The @javax.ws.rs.FormParam annotation injects the matching HTML form parameters present in the request body into a class field, a resource class bean property (the getter method for accessing the attribute), or a method parameter. The request body carrying the form elements must have the content type specified as application/x-www-form-urlencoded.

Consider the following HTML form that contains the data capture form for a department entity. This form allows the user to enter the department entity details:

<!DOCTYPE html> 
<html> 
  <head> 
  <title>Create Department</title> 
  </head> 
  <body> 
    <form method="POST" action="/resources/departments"> 
    Department Id:  
    <input type="text" name="departmentId"> 
    <br> 
    Department Name:  
      <input type="text" name="departmentName"> 
      <br> 
      <input type="submit" value="Add Department" /> 
    </form> 
  </body> 
</html>

Upon clicking on the submit button on the HTML form, the department details that you entered will be posted to the REST URI, /resources/departments. The following code snippet shows the use of the @FormParam annotation for extracting the HTML form fields and copying them to the resource class method parameter:


@Path("departments") 
public class DepartmentService { 
 
  @POST 
  //Specifies content type as  
  //"application/x-www-form-urlencoded" 
  @Consumes(MediaType.APPLICATION_FORM_URLENCODED) 
  public void createDepartment(@FormParam("departmentId") short   
    departmentId,  
      @FormParam("departmentName") String departmentName) { 
      createDepartmentEntity(departmentId, departmentName); 
  } 
}

@DefaultValue

The @javax.ws.rs.DefaultValue annotation specifies a default value for the request parameters accessed using one of the following annotations: PathParamQueryParamMatrixParamCookieParamFormParam, or HeaderParam. The default value is used if no matching parameter value is found for the variables annotated using one of the preceding annotations.

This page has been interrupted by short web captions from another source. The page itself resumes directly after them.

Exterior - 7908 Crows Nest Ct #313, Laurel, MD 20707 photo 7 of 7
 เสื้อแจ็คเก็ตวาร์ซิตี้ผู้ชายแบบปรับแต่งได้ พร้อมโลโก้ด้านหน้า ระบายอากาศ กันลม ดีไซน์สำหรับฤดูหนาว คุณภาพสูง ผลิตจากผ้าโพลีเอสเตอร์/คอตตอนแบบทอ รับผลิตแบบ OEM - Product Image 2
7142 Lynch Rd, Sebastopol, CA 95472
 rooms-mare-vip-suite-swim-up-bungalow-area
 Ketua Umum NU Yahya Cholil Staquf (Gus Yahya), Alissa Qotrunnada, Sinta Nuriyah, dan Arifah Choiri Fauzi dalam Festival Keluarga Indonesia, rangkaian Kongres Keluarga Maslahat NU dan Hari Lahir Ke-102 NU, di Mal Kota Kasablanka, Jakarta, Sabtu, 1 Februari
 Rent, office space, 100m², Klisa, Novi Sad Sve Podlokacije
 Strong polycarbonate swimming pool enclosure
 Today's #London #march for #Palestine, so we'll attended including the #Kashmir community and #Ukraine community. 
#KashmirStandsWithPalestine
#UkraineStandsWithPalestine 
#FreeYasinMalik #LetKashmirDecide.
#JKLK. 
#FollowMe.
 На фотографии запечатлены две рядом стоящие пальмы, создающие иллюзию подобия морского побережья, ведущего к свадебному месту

The following REST resource method will make use of the default value set for the from and to method parameters if the corresponding query parameters are found missing in the URI path:


@GET 
@Produces(MediaType.APPLICATION_JSON) 
public List<Department> findAllDepartmentsInRange 
  (@DefaultValue("0")  @QueryParam("from") Integer from,  
    @DefaultValue("100")  @QueryParam("to") Integer to) { 
    findAllDepartmentEntitiesInRange(from, to); 
}

@Context

The JAX-RS runtime offers different context objects, which can be used for accessing information associated with the resource class, operating environment, and so on. You may find various context objects that hold information associated with the URI path, request, HTTP header, security, and so on. Some of these context objects also provide the utility methods for dealing with the request and response content. JAX-RS allows you to reference the desired context objects in the code via dependency injection. JAX-RS provides the @javax.ws.rs.Context annotation, which injects the matching context object into the target field. You can specify the @Contextannotation on a class field, a resource class bean property (the getter method for accessing the attribute), or a method parameter.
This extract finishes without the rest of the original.